[[ Data to use, beginning ]]

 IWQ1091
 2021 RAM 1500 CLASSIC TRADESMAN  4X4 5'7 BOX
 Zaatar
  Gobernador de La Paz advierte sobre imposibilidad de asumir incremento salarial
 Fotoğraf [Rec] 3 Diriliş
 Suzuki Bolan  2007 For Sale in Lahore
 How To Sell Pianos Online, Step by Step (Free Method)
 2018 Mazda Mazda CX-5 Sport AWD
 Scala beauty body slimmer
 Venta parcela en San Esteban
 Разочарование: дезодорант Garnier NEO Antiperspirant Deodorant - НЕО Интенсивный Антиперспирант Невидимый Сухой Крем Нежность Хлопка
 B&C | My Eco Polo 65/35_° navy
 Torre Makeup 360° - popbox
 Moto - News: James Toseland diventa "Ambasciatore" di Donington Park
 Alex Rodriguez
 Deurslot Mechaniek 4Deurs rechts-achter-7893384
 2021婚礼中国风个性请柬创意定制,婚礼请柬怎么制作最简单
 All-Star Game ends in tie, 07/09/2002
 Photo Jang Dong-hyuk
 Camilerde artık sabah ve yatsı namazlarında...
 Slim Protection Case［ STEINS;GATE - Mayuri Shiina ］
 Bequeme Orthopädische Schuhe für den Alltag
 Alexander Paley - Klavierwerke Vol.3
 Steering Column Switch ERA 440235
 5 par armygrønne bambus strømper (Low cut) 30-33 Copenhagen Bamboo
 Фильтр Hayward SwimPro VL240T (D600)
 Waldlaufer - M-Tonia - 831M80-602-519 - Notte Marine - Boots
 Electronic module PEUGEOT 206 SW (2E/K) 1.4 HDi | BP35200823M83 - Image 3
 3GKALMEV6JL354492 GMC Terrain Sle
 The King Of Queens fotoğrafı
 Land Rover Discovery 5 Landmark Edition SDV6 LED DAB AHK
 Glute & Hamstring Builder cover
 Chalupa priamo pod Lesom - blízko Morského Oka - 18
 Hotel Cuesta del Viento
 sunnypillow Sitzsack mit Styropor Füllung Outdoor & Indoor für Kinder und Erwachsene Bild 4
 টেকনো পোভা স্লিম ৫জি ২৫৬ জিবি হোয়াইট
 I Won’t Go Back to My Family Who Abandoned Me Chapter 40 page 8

[[ Data to use, end ]]

The task
Repeat every line of the data word for word until you have repeated the line that contains "sunnypillow Sitzsack mit", which is the last one to include.

Expected output
 IWQ1091
 2021 RAM 1500 CLASSIC TRADESMAN  4X4 5'7 BOX
 Zaatar
  Gobernador de La Paz advierte sobre imposibilidad de asumir incremento salarial
 Fotoğraf [Rec] 3 Diriliş
 Suzuki Bolan  2007 For Sale in Lahore
 How To Sell Pianos Online, Step by Step (Free Method)
 2018 Mazda Mazda CX-5 Sport AWD
 Scala beauty body slimmer
 Venta parcela en San Esteban
 Разочарование: дезодорант Garnier NEO Antiperspirant Deodorant - НЕО Интенсивный Антиперспирант Невидимый Сухой Крем Нежность Хлопка
 B&C | My Eco Polo 65/35_° navy
 Torre Makeup 360° - popbox
 Moto - News: James Toseland diventa "Ambasciatore" di Donington Park
 Alex Rodriguez
 Deurslot Mechaniek 4Deurs rechts-achter-7893384
 2021婚礼中国风个性请柬创意定制,婚礼请柬怎么制作最简单
 All-Star Game ends in tie, 07/09/2002
 Photo Jang Dong-hyuk
 Camilerde artık sabah ve yatsı namazlarında...
 Slim Protection Case［ STEINS;GATE - Mayuri Shiina ］
 Bequeme Orthopädische Schuhe für den Alltag
 Alexander Paley - Klavierwerke Vol.3
 Steering Column Switch ERA 440235
 5 par armygrønne bambus strømper (Low cut) 30-33 Copenhagen Bamboo
 Фильтр Hayward SwimPro VL240T (D600)
 Waldlaufer - M-Tonia - 831M80-602-519 - Notte Marine - Boots
 Electronic module PEUGEOT 206 SW (2E/K) 1.4 HDi | BP35200823M83 - Image 3
 3GKALMEV6JL354492 GMC Terrain Sle
 The King Of Queens fotoğrafı
 Land Rover Discovery 5 Landmark Edition SDV6 LED DAB AHK
 Glute & Hamstring Builder cover
 Chalupa priamo pod Lesom - blízko Morského Oka - 18
 Hotel Cuesta del Viento
 sunnypillow Sitzsack mit Styropor Füllung Outdoor & Indoor für Kinder und Erwachsene Bild 4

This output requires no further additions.